## [Records]
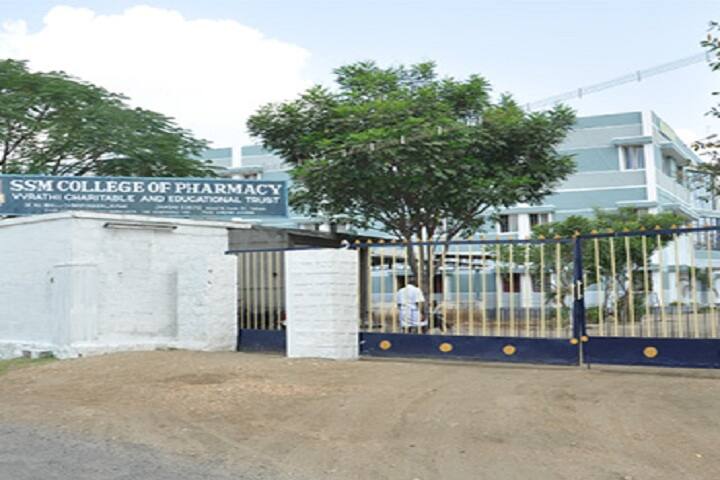 SSM College of Pharmacy campus in Chinniampalayam Pudur, Tamil Nadu, India — photo 2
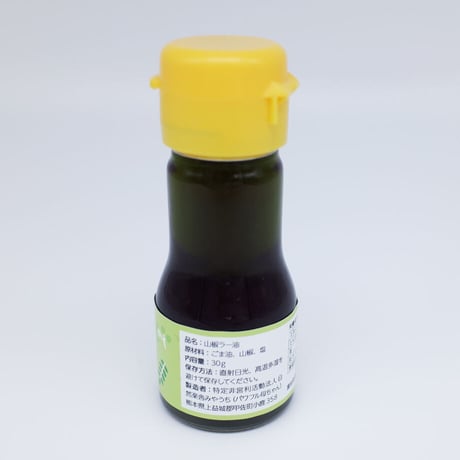 山椒ラー油　30g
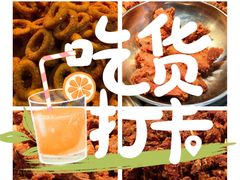 -吴日彪蒜香猪牛排(水巷口店)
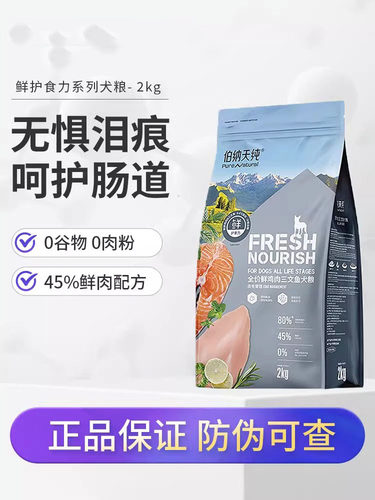 伯纳天纯全价鲜肉狗粮呵护肠胃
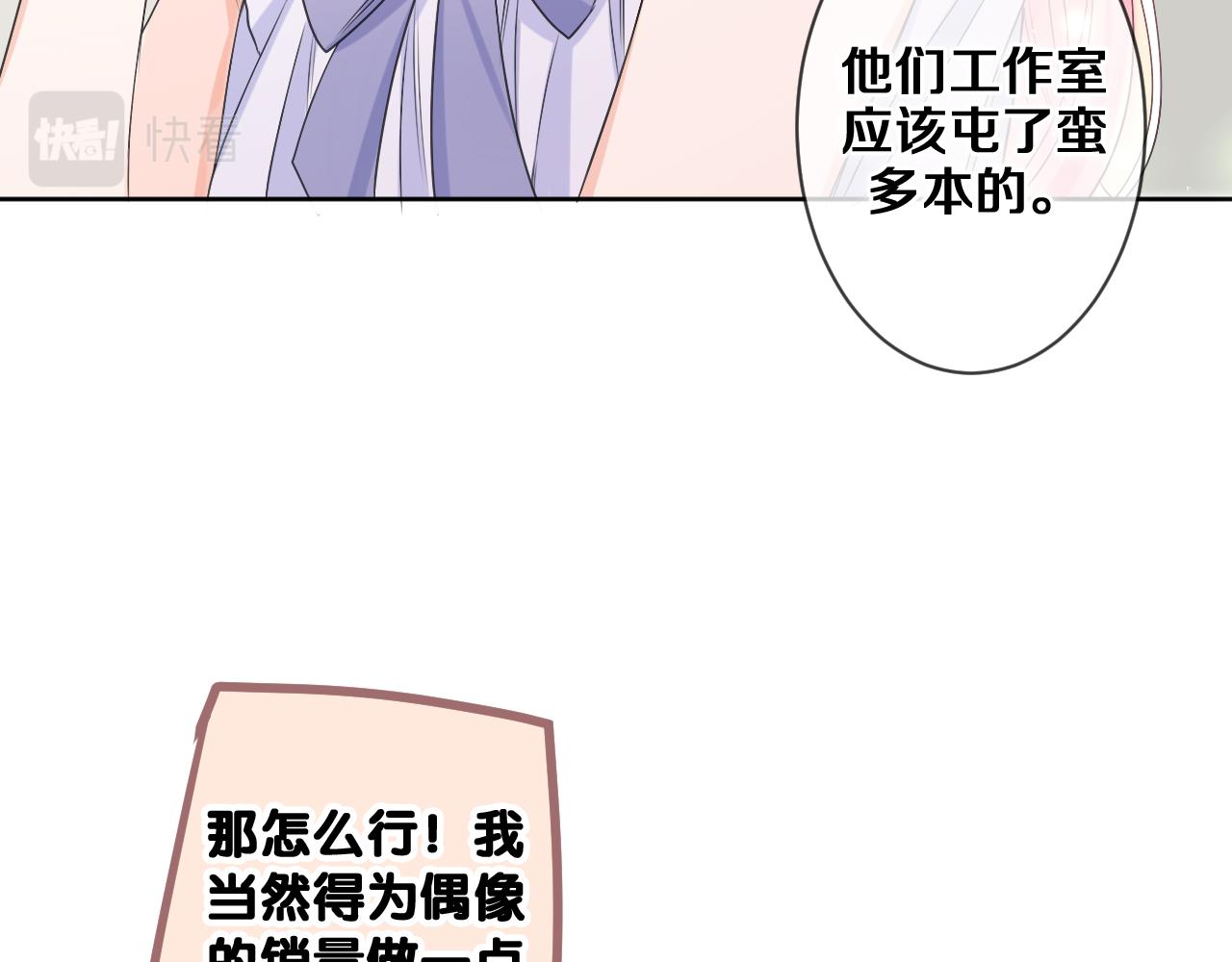 第78话她一定会的36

## [Assignment]
Although the records contain pictures, the copy should hold only their text, reproduced exactly.

## [Exercise result]
 SSM College of Pharmacy campus in Chinniampalayam Pudur, Tamil Nadu, India — photo 2
 山椒ラー油　30g
 -吴日彪蒜香猪牛排(水巷口店)
 伯纳天纯全价鲜肉狗粮呵护肠胃
 第78话她一定会的36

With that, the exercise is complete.